クッションを抱いて悶々とする彼女のスマホが着信を告げたのは、そんな風にしてリビングで無為な時間を過ごしていたときのことである。
「え? みーさんから電話っ?」
御言から電話がかかってくるのは初めてだったので驚く。もしもし、と応じる声も自然訝し気になった。
「詩乃ちゃん、いきなりお電話してごめんなさい。いまお時間大丈夫ですか? ご迷惑ではありませんか? ご相談したいことがあるのですが……」
「あ、大丈夫なんだけどちょっと待って。自分の部屋に行くから」
隣で一緒にテレビを見ていた香乃が『自分の』という表現に「あたしの部屋でもあるんだけど」と口の動きだけで抗議するのを無視して席を外す。
香乃の邪魔をしないように、ではなく、香乃に御言との話を聞かれないため、そして詩乃自身が御言の話を真剣に聞くためである。

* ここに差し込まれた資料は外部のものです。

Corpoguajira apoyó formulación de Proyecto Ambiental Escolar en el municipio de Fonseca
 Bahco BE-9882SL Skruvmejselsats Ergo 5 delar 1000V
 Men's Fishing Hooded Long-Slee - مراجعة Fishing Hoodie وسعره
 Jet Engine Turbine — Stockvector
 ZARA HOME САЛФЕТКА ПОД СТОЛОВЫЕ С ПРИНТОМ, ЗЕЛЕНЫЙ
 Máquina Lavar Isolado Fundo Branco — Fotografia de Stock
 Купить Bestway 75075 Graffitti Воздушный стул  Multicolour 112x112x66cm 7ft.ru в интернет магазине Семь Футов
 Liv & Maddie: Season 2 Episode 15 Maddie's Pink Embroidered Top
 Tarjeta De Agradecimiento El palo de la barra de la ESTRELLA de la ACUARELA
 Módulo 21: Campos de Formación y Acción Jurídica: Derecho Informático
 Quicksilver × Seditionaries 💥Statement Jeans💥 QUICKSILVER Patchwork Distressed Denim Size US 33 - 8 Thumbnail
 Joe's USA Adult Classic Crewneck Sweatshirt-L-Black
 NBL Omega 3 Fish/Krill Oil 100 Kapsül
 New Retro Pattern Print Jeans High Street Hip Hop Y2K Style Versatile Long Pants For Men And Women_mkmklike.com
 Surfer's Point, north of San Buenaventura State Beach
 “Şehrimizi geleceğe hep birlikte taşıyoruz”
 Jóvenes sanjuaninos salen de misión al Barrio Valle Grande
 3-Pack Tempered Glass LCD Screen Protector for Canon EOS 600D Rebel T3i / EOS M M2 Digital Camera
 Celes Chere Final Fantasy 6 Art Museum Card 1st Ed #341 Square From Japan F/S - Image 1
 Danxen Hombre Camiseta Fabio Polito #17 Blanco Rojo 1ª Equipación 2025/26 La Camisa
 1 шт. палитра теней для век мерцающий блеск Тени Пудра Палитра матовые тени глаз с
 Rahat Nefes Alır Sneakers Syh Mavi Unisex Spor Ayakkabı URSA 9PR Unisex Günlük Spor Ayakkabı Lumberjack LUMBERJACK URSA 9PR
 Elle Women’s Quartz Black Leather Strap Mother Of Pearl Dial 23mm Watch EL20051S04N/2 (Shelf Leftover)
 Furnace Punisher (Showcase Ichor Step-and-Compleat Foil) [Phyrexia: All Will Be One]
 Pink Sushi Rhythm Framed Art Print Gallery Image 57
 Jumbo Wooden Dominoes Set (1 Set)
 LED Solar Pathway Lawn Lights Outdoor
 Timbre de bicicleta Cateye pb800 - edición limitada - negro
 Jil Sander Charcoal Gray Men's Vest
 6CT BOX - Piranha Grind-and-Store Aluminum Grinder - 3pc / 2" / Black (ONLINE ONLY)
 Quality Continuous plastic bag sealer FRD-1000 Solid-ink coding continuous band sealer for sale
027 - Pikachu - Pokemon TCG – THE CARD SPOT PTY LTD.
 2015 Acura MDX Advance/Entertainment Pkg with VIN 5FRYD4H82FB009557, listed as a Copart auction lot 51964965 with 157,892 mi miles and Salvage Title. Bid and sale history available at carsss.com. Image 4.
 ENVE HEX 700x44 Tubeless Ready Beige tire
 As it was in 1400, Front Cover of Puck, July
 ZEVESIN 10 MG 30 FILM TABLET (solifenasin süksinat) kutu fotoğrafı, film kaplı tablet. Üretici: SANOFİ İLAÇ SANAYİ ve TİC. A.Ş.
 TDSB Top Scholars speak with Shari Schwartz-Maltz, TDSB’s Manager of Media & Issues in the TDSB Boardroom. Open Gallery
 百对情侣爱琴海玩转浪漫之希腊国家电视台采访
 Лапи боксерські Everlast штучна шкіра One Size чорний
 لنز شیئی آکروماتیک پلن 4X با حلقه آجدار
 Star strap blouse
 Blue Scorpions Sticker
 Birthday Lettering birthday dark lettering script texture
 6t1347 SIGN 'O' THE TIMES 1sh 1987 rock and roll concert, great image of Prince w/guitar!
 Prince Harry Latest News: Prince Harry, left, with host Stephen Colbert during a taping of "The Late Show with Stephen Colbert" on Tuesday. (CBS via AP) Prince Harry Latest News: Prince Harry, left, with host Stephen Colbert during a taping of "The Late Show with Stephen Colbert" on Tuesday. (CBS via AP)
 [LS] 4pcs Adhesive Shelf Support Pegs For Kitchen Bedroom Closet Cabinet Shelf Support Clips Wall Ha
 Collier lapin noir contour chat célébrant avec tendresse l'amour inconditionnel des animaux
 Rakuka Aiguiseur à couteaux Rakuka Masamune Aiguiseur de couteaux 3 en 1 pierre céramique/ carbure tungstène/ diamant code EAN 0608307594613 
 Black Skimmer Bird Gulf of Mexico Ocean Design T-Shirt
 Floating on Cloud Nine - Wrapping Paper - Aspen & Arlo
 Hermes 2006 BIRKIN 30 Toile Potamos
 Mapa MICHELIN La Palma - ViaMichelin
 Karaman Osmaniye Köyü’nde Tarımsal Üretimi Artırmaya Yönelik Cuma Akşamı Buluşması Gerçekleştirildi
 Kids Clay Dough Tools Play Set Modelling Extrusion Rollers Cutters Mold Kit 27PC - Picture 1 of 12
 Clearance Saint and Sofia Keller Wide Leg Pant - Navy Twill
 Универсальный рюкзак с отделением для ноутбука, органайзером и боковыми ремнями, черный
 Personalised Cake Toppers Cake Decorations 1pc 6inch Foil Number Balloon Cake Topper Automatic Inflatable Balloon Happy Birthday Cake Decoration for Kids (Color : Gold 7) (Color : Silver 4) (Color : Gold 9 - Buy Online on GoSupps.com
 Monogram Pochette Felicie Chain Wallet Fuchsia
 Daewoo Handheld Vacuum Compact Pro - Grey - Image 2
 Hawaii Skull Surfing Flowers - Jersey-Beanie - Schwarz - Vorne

(みーさんの家ってかなり躾厳しいって言ってたよね? 誰と連絡取り合ってるか親がスマホチェックするとか、メイドさんが盗み聞きしてお父さんに知らせるとか。それなのにわざわざウチに電話してくるなんて相当ヤバい話なんじゃ…………)
と考えての行動だ。詩乃はベッドに腰かけ、背筋を伸ばし「もう大丈夫。話して」と促した。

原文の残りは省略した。